In [1]:
import numpy

In [2]:
import scipy

In [3]:
import gensim
gensim.utils.lemmatize("The quick brown fox jumps over the lazy dog!")

AttributeError: module 'gensim.utils' has no attribute 'lemmatize'

In [None]:
import nltk
nltk.download('brown')

import textblob
textblob.TextBlob("The quick brown fox jumps over the lazy dog!").noun_phrases

If the above executes without errors, you'll see a number appear to the left of each of these cell prompts, and you're good to go!

In case you're using [virtual evironments](http://docs.python-guide.org/en/latest/dev/virtualenvs/) (recommended), check that the right package/location was picked up by Python:

In [None]:
print(scipy.__version__, scipy.__file__)
print(gensim.__version__, gensim.__file__)
scipy.show_config()

## Check training data

Make sure you have downloaded all necessary data files (again, see the [README](https://github.com/piskvorky/topic_modeling_tutorial/)):

In [None]:
!ls -lh ./data/

You should see at least two entries there: `simplewiki-20140623-pages-articles.xml.bz2` and `20news-bydate.tar.gz`.

## Quick Python recap

#### Data streaming, generators, iterators

Generators are a built-in way to iterate over a sequence **once**, without materializing all its elements at the same time:

In [None]:
def odd_numbers():
    """
    Yield one odd number after another.
    
    Don't try to materialize its result in plain list, with `list(odd_numbers)`,
    because the sequence is infinite and you'll run out of RAM!
    """
    result = 1
    while True:
        yield result  # `yield` instead of `return`!
        result += 2

odd_numbers_generator = odd_numbers()

for odd_number in odd_numbers_generator:
    print(odd_number)
    if odd_number > 10:
        break

We'll be using this pattern of "generate a data point, process it, forget it" often, because it allows us to bypass RAM limitations. With generators we can process huge text corpora in constant memory, using clever algorithms that don't mind operating one-data-point-at-a-time.

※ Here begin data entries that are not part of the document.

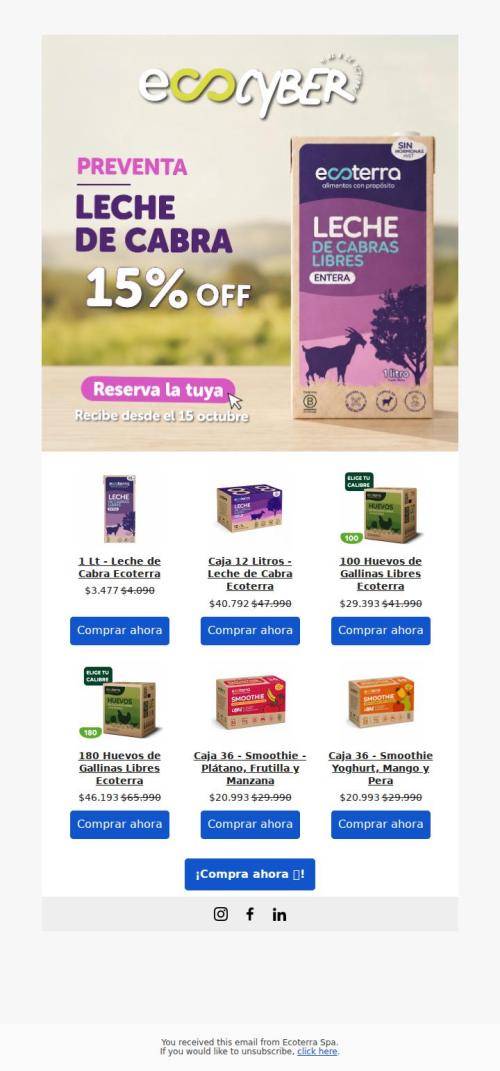🥛 ¡La espera terminó! Leche de cabra con 15% OFF 🤩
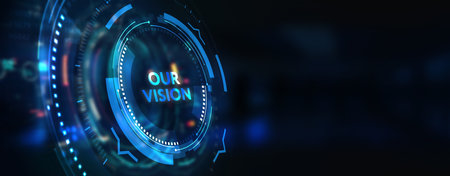 Business, technology, internet and network concept. Virtual screen of the future and sees the inscription: Our vision. 3d illustrationの写真素材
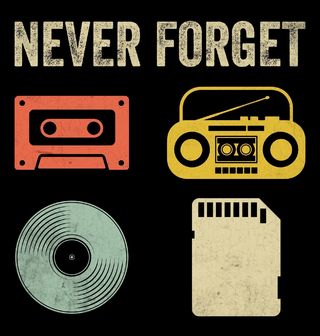 Obrázek 2 produktu Pánské tričko Kazeta, Rádio, Vinyl, SD karta Never Forget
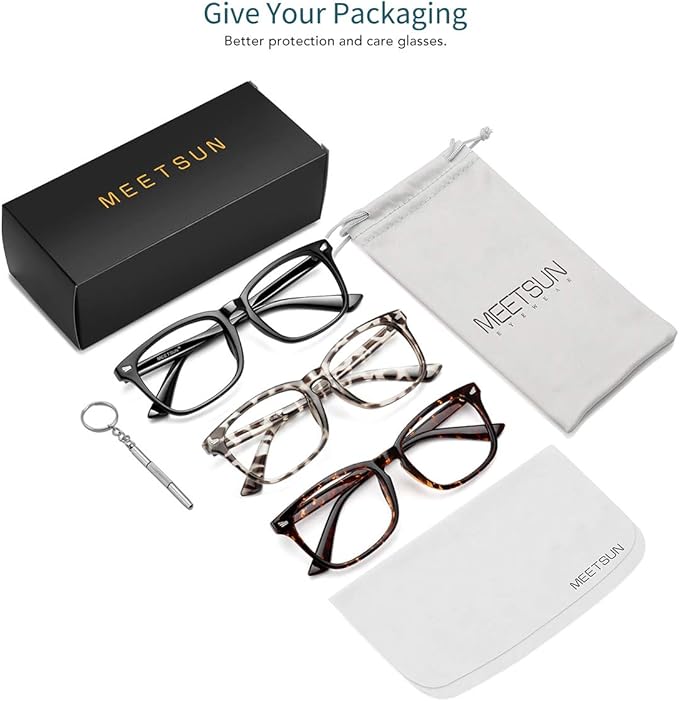 MEETSUN Blue Light Blocking Glasses, Anti Eye Strain Headache (Sleep Better),Computer Reading Glasses UV400 Transparent Lens (Black+Leopard+Tortoise, 53)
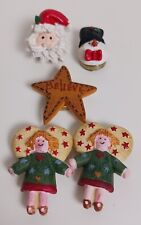 5 Vintage Christmas Button Covers Santa, Snowman,  Star And Sngels picture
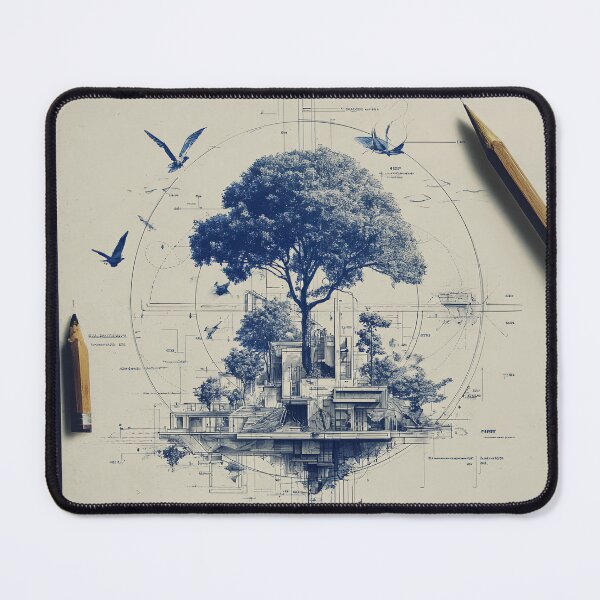 Item preview, Ancient Tree Eco Architectural Sketch designed and sold by BeeFreeStudio.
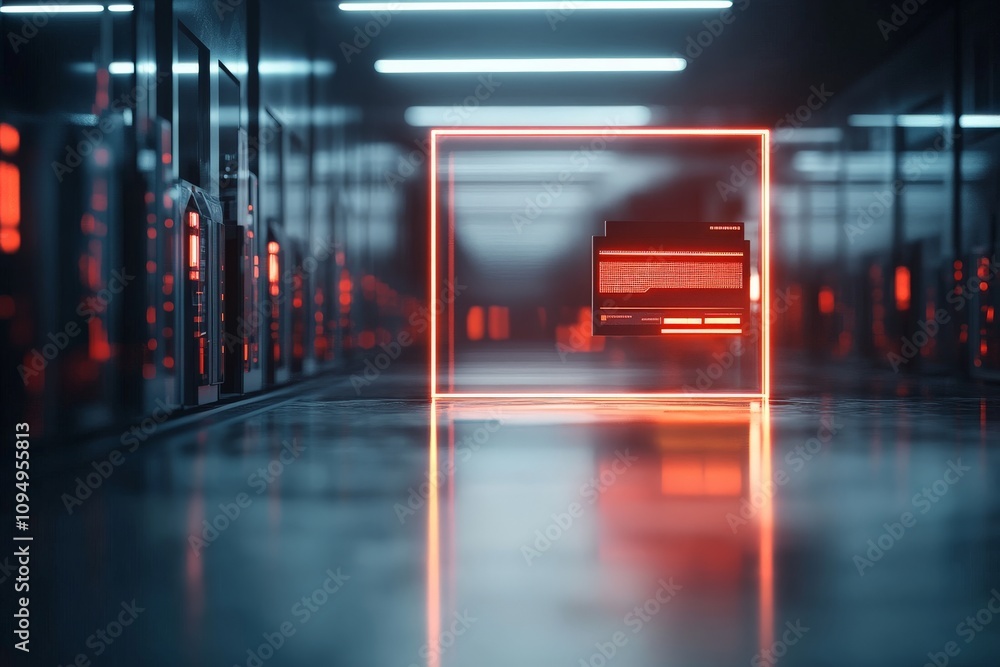 Poster the image features a futuristic computer server glowing vibrantly in a dark tech corridor, represent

This is in contrast to plain Python lists, Pandas frames or even NumPy and SciPy arrays, where the entire sequence must be known beforehand and mapped into (virtual) memory fully.

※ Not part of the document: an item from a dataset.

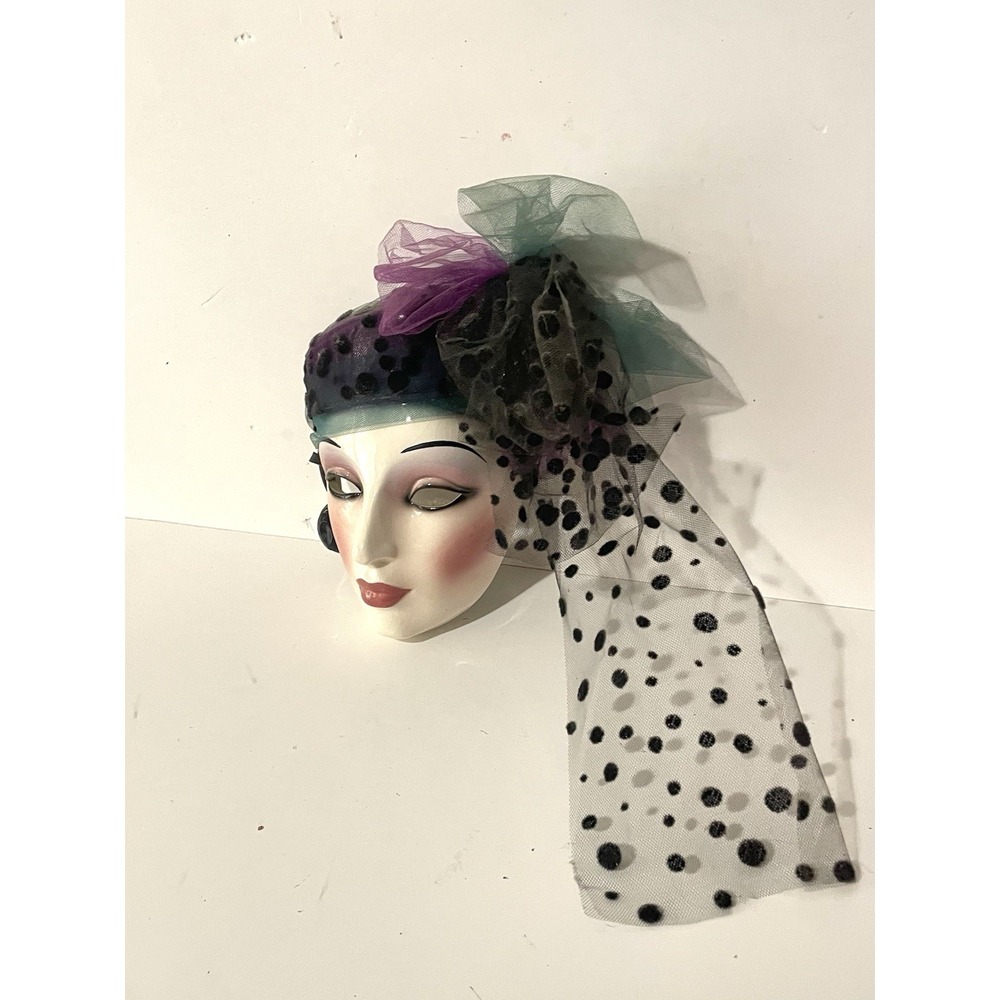 Vintage Clay Art Ceramic Lady Porcelain Mask Art Deco Style - Picture 2 of 5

Generators and iterators come at a cost: since we're only allowed to go one item after another, it's not possible to skip to the middle of the sequence. Unless we take care of it manually, there's no equivalent of randomly accessing an arbitrary element ala `list`s: `some_list[100]` will work, but `some_generator[100]` won't.

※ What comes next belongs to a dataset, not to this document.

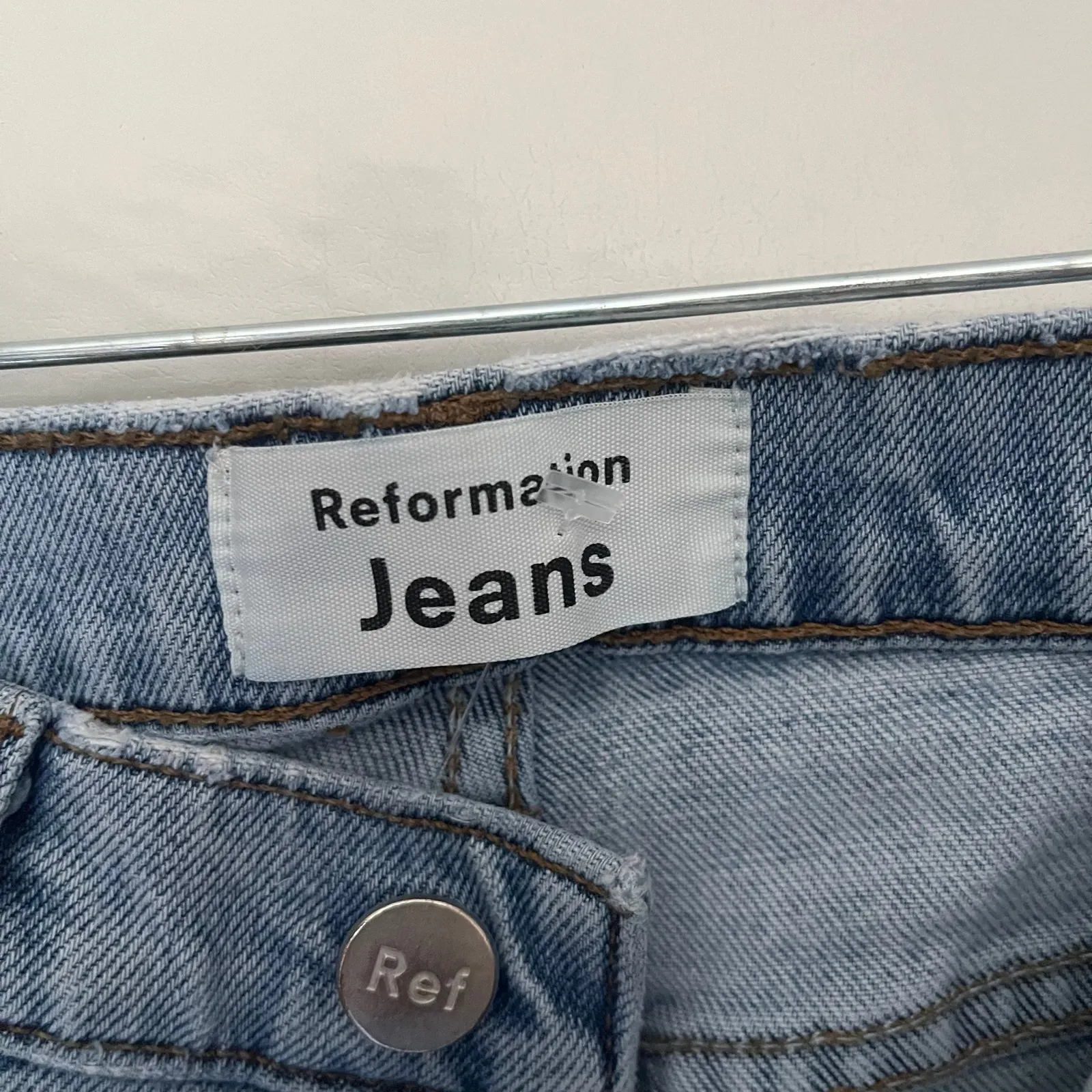 Reformation Y2K High Skinny Ankle Womens Jeans Sz 23 Distressed Sustainable Blue - Image 8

An iterable is like a generator (memory efficient), except it can be iterated over **multiple times**. To achieve that, we override the object's special `__iter__` method (which Python calls every time we loop over the object) to return a generator:

In [None]:
class OddNumbers(object):
    def __iter__(self):
        result = 1
        while True:
            yield result
            result += 2

odd_numbers_iterator = OddNumbers()

for odd_number in odd_numbers_iterator:
    print(odd_number)
    if odd_number > 10:
        break

That's all we need to know for our purposes. For more info, read [Data streaming in Python: generators, iterators, iterables](http://radimrehurek.com/2014/03/data-streaming-in-python-generators-iterators-iterables/), or [Python's documentation for "iterator types"](https://docs.python.org/2/library/stdtypes.html#iterator-types).

#### NumPy & SciPy arrays

NumPy is a 3rd party package (not built-in). **NumPy arrays are a concise and efficient way to represent a fixed-length list of numbers** (or, actually and uninterestingly for this tutorial, of any objects). Their power comes from pithy array slicing, even in multiple dimensions:

In [None]:
# create a 2D table of random numbers, with 10 rows and 5 columns
x = numpy.random.rand(10, 5)

print(x)

In [None]:
# print element in 3rd row and 2nd column
print(x[2, 1])  

In [None]:
# print the entire 3rd row
print(x[2])

In [None]:
# print the entire 2nd column
print(x[:, 1])

In [None]:
# print a sub-table (rectangular region), starting at [0, 0] and ending at [4, 2] (exclusive)
print(x[:4, :2])

and the fact that the underlying implementation is written to be fast (in C, even plugging into fast BLAS where available).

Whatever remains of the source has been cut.